Interpolation and Manifold Optimization
The learned CDC enables construction of interpolating paths constrained to the data manifold via Riemannian gradient flows. Compared to linear interpolants, paths generated using metric matching smoothly traverse the high-density regions of the data distribution, remaining perceptually valid and within-class.

Figure 5: Visual comparison of on-manifold interpolation (metric matching) versus linear interpolation in the MNIST dataset.
Figure 6: MNIST interpolation paths under different metrics; metric matching yields natural morphing within the data class, contrasting with ghosting artifacts in LERP.
Latent Space Geometry
When applied in the latent space of generative models (e.g., VAEs), metric matching constructs a Riemannian structure that reveals curvature and nonlinearity missed by naive Euclidean geometry. Comparison with pullback metrics further corroborates the interpretability and flexibility of the approach.





Figure 7: Visualization of metric matching versus linear and pullback metrics in VAE latent spaces, illustrating improved path regularity.
Implications and Future Directions
Practically, the method extends the reach of manifold and diffusion geometry tools to massive, high-dimensional datasets—such as natural image collections—where graph-based approaches are infeasible. Theoretical implications include enabling geometric learning and optimization (e.g., geodesics, intrinsic gradients) directly from data, advancing data-driven Riemannian statistics.

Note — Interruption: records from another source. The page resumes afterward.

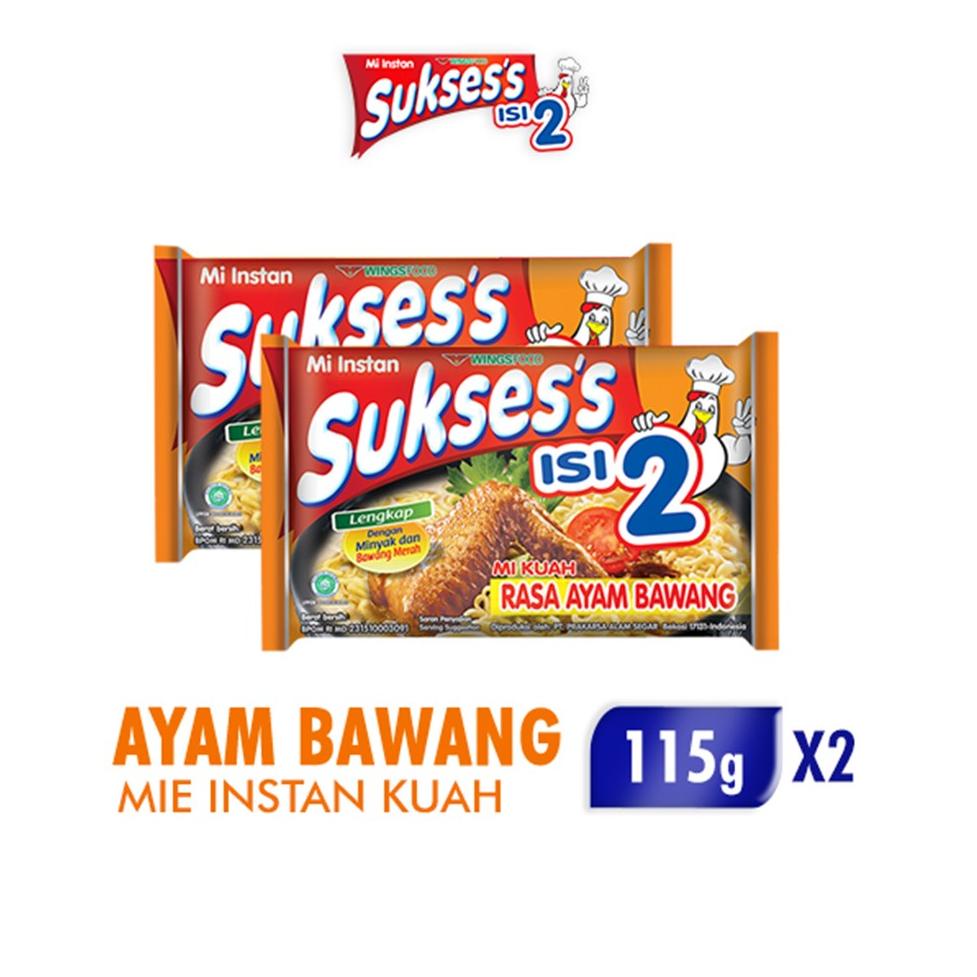 

T99 Mie Suksess Ayam Bawang 115 gr x 2 pcs BIG DISKON ⇪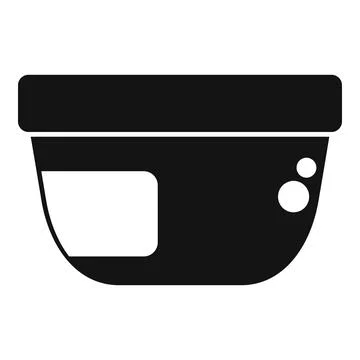 Plastic container with label for sour cream or yogurt packaging Stock Illustration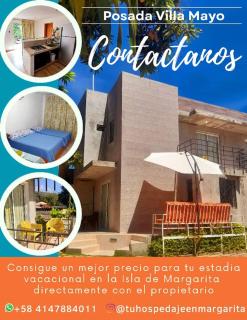 Habitación Triple Equipada, Posada Villa Mayo a 5 minutos de Playa Parguito - Loma de Guerra - 9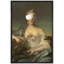 «Paint Stroke Face French Woman»-98579460-98579461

The decoupling from pairwise computations opens avenues for integrating metric learning seamlessly into deep learning pipelines, both for analysis (dimension estimation, tangent recovery) and synthesis (diffusion/generative models). Future work will likely explore generalization phenomena of neural CDC surrogates, synergy with geometric structure in architectures, and the extension to distributions lacking manifold structure.
Conclusion
Riemannian metric matching provides a scalable, theoretically-grounded framework for geometric modeling of high-dimensional distributions using neural networks. It surpasses existing graph-based and Jacobian-based approaches in computational efficiency, matches or improves geometric fidelity, and situates Riemannian geometry as a tractable, expressive tool for large-scale machine learning, with broad implications for representation learning, generative modeling, and geometric data analysis.